Generative retraining method is efficient for NLU of English. Proposes two methods to learn cross-lingual language model
- Unsupervised that relies on monolingual data
- Supervised that leverages parallel data
- Shared sub-word vocabulary: all languages are processed with the same shared vocabulary created through Byte Pair Encoding (BPE). BPE splits on the concatenation of sentences is leant. The sentences are randomly sampled from monolingual corpora.
- Casual Language modeling (CLM): In this modeling task we train a transformer to predict the probability of a word given previous words in sentences.
- Masked Language modeling (MLM): This modeling task uses objective of task called “Cloze task”. Where we train a language model where 15% of BPE tokens are replaced by MASK 80% of the time, other 10% of the time it is replaced by random token and for rest of 10% of the time they are kept unchanged.
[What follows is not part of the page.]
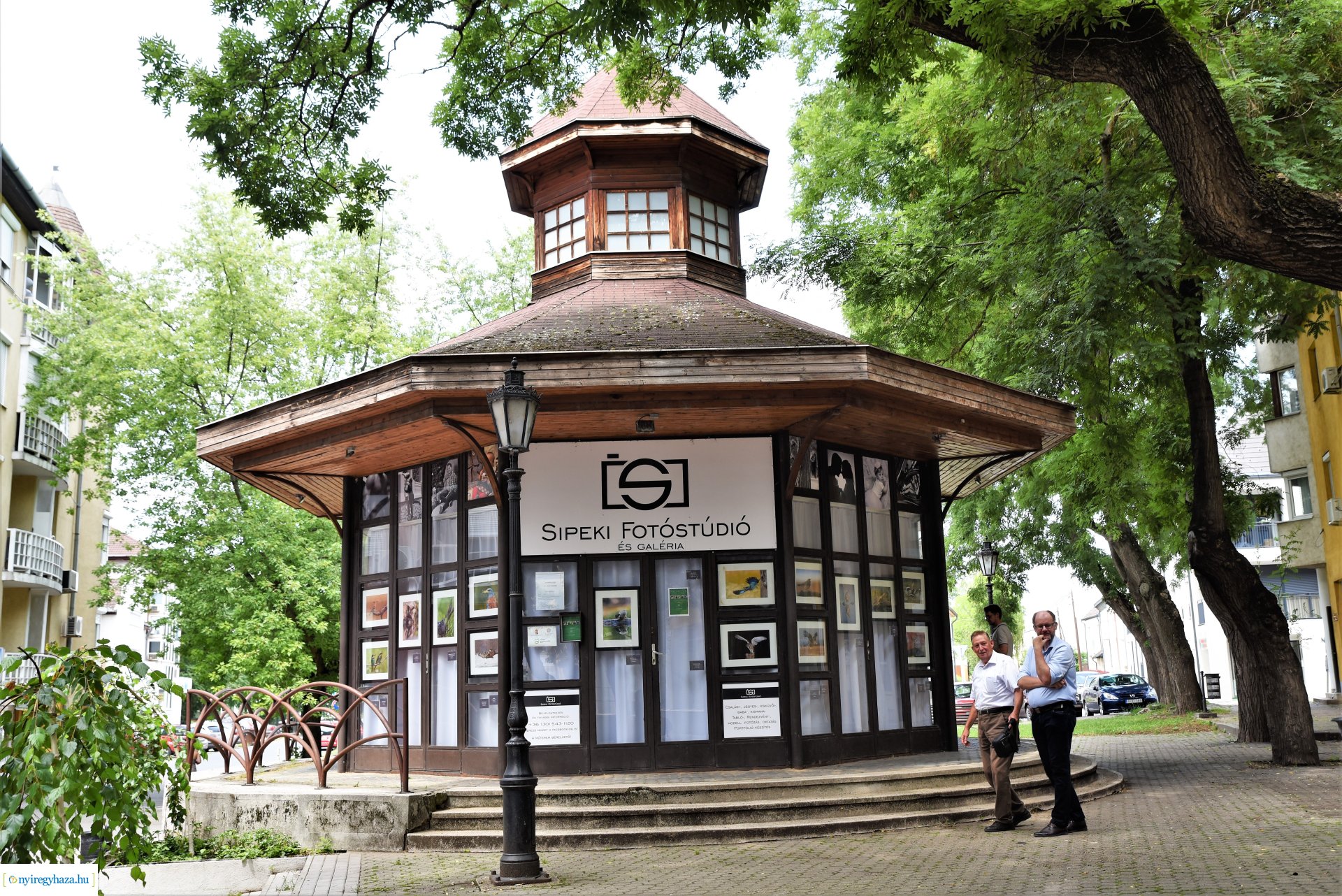 Madárlesen a Jászságban - kiállításmegnyitó a Nyírfa téri galérában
The main difference from other method is that here input tokens are fixed to 256 tokens.
- Translation Language Modeling (TLM): In this language modelling task we concatenate parallel sentences and words are masked randomly in both and target sentences.
- Cross-lingual Language model pretraining (XLM): This method makes use of either one or both model pretraining CLM, MLM. This model is trained with batches of 64 streams of continuous sentences composed of 256 tokens.